The government of Kazakhstan threatened to take Cohen to court after his creation hosted the MTV Europe awards. They were furious about his jokey references to shooting dogs for fun and subjugating women, and claimed he might be serving political orders to tarnish their nation's reputation.
Now he has posted a response – in character - on Borat's official website, www.borat.kz.
He recorded a short message saying: 'I like to state, I have no connection with Mr Cohen and fully support my government's position to sue this Jew.
'Since 2003 ... Kazakhstan is as civilized as any other country in the world. Women can now travel on inside of bus, homosexuals no longer have to wear blue hat and age of consent has been raised to eight years old.'
After the MTV awards, Kazakh Foreign Ministry spokesman Yerzhan Ashykbayev said: ‘We do not rule out that Mr Cohen is serving someone's political order designed to present Kazakhstan and its people in a derogatory way.’

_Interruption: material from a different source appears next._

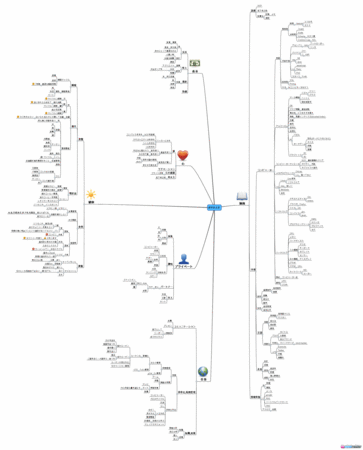 f:id:tanakaBox:20091010012404g:image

‘We view Mr Cohen's behaviour at the MTV Europe Music Awards as utterly unacceptable, being a concoction of bad taste and ill manners which is completely incompatible with ethics and civilised behaviour.
‘We reserve the right to any legal action to prevent new pranks of the kind.’
Kazakhstan’s Embassy has previously complained of his portrait of the world’s ninth largest country as ‘a land of Stone Age people who mistreat women and hate Jews’.